Environmental controls on silica sinter formation revealed by radiocarbon dating

Abstract

Silica sinter deposits overlying geothermal fields are reliable records of environmental, geochemical, and biological changes through time. Therefore, determining the absolute ages of formation of these deposits is fundamental to constrain the timing and evolution of processes that have shaped silica precipitation on the Earth's surface. We performed 14C dating of organic matter trapped within silica sinter deposits from the high-altitude El Tatio geyser field in the Chilean Altiplano.

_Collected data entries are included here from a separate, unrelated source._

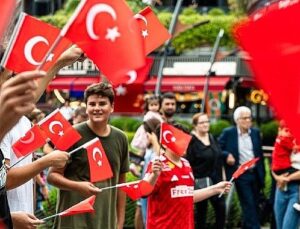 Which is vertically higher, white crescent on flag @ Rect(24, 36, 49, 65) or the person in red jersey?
white crescent on flag @ Rect(24, 36, 49, 65)

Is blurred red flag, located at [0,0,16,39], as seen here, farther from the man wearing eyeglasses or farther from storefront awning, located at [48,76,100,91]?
storefront awning, located at [48,76,100,91]

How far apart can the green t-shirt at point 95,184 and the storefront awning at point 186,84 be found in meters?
25.5

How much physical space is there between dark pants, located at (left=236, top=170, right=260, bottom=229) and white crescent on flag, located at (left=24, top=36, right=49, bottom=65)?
26.1ft

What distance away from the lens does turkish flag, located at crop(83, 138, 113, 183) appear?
6586 millimetres

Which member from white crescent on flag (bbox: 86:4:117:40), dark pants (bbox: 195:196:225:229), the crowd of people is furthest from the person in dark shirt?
white crescent on flag (bbox: 86:4:117:40)

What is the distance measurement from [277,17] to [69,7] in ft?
112

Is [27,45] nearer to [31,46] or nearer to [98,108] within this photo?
[31,46]

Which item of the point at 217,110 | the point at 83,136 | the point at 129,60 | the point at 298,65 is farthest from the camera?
the point at 217,110

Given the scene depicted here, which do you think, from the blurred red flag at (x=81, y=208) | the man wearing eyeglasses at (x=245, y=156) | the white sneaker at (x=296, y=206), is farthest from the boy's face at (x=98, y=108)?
the man wearing eyeglasses at (x=245, y=156)

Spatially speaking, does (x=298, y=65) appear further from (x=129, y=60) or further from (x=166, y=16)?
(x=166, y=16)

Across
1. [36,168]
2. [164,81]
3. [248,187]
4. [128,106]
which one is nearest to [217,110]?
[164,81]

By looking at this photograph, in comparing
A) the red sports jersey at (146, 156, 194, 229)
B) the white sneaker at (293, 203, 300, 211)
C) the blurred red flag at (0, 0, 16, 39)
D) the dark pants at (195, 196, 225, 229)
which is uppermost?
the blurred red flag at (0, 0, 16, 39)

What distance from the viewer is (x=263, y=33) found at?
3422 mm

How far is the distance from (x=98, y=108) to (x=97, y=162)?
1.95 feet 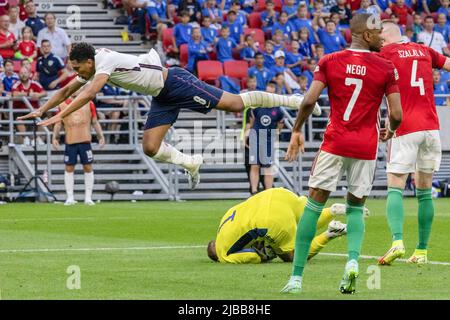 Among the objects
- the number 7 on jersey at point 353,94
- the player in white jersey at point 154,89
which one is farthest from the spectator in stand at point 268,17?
the number 7 on jersey at point 353,94

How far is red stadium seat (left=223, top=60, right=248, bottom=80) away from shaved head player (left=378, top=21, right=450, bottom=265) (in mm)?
17804

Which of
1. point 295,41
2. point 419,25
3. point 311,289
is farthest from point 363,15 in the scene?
point 419,25

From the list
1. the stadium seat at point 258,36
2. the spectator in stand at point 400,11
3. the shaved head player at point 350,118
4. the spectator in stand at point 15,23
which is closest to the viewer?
the shaved head player at point 350,118

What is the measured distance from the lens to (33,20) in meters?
29.8

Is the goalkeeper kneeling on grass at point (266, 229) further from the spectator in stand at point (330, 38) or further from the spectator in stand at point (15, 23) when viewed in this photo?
the spectator in stand at point (330, 38)

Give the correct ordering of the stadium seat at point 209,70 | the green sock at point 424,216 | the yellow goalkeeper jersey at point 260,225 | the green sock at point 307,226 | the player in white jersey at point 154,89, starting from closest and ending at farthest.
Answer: the green sock at point 307,226 < the yellow goalkeeper jersey at point 260,225 < the green sock at point 424,216 < the player in white jersey at point 154,89 < the stadium seat at point 209,70

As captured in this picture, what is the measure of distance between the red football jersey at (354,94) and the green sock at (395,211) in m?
2.63

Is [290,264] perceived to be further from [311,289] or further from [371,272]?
[311,289]

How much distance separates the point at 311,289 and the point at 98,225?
A: 9492 mm

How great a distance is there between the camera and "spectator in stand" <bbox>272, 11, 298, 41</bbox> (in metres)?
32.8

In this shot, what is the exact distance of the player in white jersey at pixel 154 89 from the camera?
522 inches

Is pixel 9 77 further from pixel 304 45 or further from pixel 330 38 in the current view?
pixel 330 38

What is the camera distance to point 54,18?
96.5ft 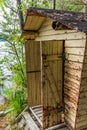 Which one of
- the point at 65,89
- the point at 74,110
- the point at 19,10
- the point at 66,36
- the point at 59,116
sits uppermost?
the point at 19,10

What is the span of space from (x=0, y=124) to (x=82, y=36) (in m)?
4.76

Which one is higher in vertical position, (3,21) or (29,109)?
(3,21)

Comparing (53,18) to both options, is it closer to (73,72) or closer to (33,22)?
(73,72)

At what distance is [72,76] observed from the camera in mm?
4379

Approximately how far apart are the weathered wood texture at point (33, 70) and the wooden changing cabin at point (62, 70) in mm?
729

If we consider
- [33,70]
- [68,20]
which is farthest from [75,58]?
[33,70]

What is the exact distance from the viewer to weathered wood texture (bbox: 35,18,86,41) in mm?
3958

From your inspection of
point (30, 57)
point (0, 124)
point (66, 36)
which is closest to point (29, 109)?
point (0, 124)

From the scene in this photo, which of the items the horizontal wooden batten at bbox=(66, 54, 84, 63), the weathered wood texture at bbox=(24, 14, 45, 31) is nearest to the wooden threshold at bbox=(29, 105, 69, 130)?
the horizontal wooden batten at bbox=(66, 54, 84, 63)

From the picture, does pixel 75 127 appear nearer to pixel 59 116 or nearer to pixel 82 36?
pixel 59 116

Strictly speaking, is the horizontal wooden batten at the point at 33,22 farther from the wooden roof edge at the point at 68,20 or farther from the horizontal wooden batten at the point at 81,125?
the horizontal wooden batten at the point at 81,125

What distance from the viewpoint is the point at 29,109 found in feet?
20.9

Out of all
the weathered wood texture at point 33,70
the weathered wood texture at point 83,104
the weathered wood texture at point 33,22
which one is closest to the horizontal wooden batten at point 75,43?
the weathered wood texture at point 83,104

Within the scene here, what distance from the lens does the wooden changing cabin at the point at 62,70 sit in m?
4.00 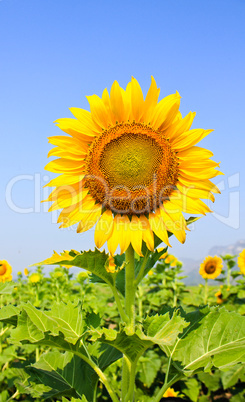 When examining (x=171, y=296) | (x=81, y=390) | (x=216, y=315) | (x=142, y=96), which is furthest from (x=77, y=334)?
(x=171, y=296)

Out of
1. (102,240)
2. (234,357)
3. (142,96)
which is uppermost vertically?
(142,96)

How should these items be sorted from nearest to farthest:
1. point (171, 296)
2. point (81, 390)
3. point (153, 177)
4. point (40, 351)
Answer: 1. point (153, 177)
2. point (81, 390)
3. point (40, 351)
4. point (171, 296)

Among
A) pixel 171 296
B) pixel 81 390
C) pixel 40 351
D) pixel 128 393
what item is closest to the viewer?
pixel 128 393

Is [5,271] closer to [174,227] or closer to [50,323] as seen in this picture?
[50,323]

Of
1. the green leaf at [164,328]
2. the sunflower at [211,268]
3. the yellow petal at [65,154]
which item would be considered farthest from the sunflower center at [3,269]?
the green leaf at [164,328]

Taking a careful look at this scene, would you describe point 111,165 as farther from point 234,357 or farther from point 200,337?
point 234,357

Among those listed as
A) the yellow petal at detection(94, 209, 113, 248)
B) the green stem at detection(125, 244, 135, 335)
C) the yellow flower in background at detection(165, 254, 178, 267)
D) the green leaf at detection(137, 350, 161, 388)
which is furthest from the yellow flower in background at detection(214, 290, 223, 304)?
the yellow petal at detection(94, 209, 113, 248)

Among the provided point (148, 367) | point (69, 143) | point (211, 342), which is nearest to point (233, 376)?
point (148, 367) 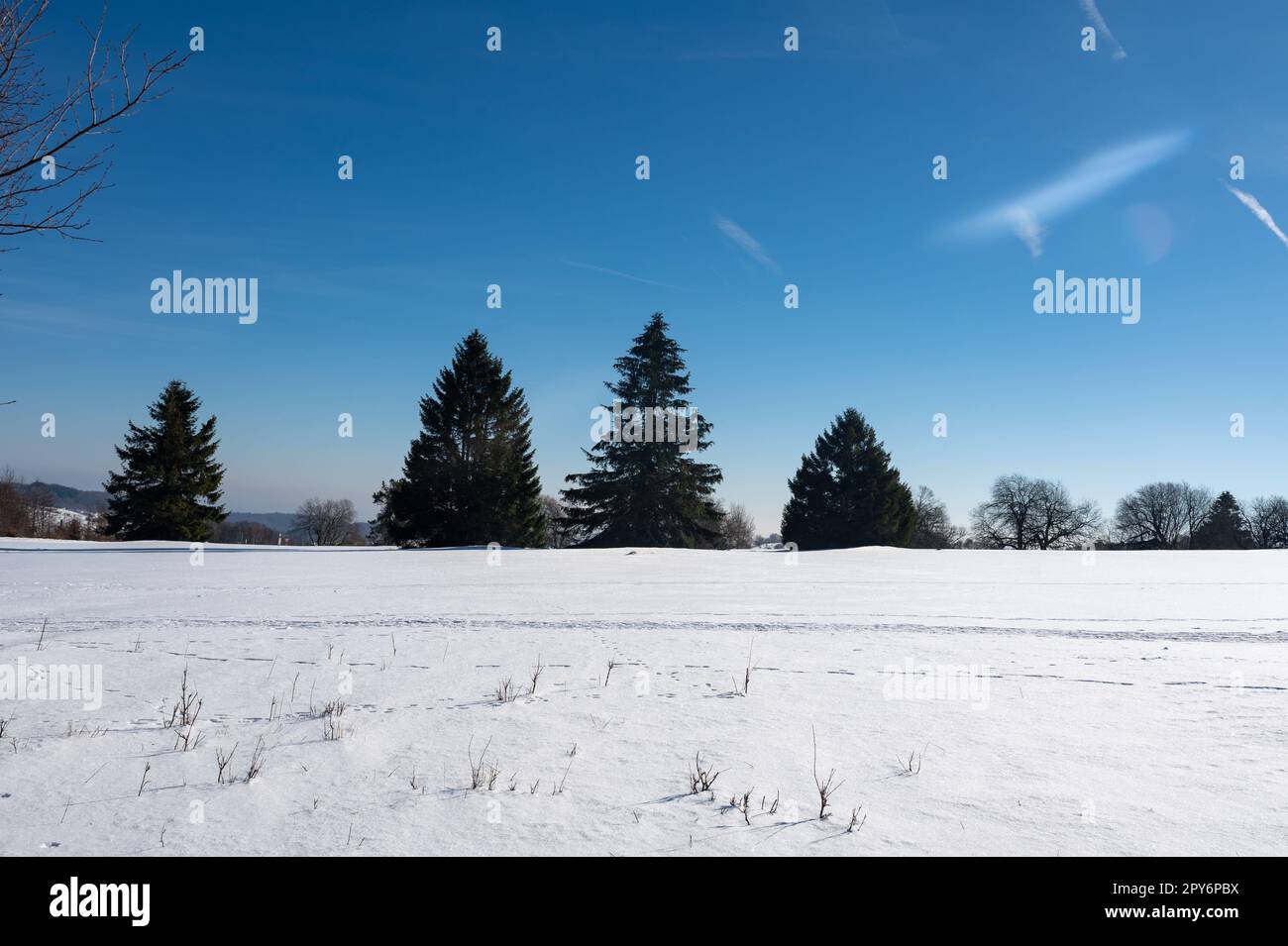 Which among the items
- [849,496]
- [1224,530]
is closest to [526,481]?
[849,496]

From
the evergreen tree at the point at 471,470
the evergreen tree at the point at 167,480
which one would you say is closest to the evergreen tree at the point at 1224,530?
the evergreen tree at the point at 471,470

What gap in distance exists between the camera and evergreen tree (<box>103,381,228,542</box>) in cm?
3888

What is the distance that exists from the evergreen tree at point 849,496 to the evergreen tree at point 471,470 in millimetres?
18310

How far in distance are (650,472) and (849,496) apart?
1556 centimetres

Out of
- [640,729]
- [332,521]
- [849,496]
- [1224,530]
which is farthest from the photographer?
[332,521]

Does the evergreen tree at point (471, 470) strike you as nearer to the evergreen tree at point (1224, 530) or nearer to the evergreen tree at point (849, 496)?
the evergreen tree at point (849, 496)

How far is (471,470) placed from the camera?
35.7 meters

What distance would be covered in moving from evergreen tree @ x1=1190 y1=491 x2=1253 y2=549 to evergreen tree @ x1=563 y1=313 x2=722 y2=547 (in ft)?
143

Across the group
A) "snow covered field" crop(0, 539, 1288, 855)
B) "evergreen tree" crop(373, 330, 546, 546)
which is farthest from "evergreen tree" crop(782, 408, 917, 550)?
"snow covered field" crop(0, 539, 1288, 855)

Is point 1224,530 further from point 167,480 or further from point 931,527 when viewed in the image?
point 167,480

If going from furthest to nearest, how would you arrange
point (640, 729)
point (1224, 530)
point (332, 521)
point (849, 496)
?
point (332, 521) → point (1224, 530) → point (849, 496) → point (640, 729)

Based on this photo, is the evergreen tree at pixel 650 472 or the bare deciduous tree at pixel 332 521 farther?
the bare deciduous tree at pixel 332 521

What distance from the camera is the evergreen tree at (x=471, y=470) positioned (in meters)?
35.5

Radiocarbon ages of stratigraphically controlled samples retrieved from four well-preserved paleosinter mounds range from 10,840 ± 30 to 230 ± 35 yr B.P., indicating that the El Tatio system has had active discharge of silica-rich chloride springs over at least the past 10,000 years that has resulted in the formation of extensive sinter deposits. These ages are used to determine the silica precipitation rate at El Tatio, which was calculated to be between 0.14 and 2.57 kg/yr/m2. These values are among the highest precipitation rates in geothermal systems for which data are available, and are consistent with in situ silica precipitation experiments at El Tatio (0.84-2.92 kg/yr/m2). Our results indicate that the extreme environmental conditions of the arid Chilean Altiplano, i.e., high evaporation and cooling rate of thermal waters and significant daily temperature oscillations, play a key role in the construction and preservation of silica sinter deposits.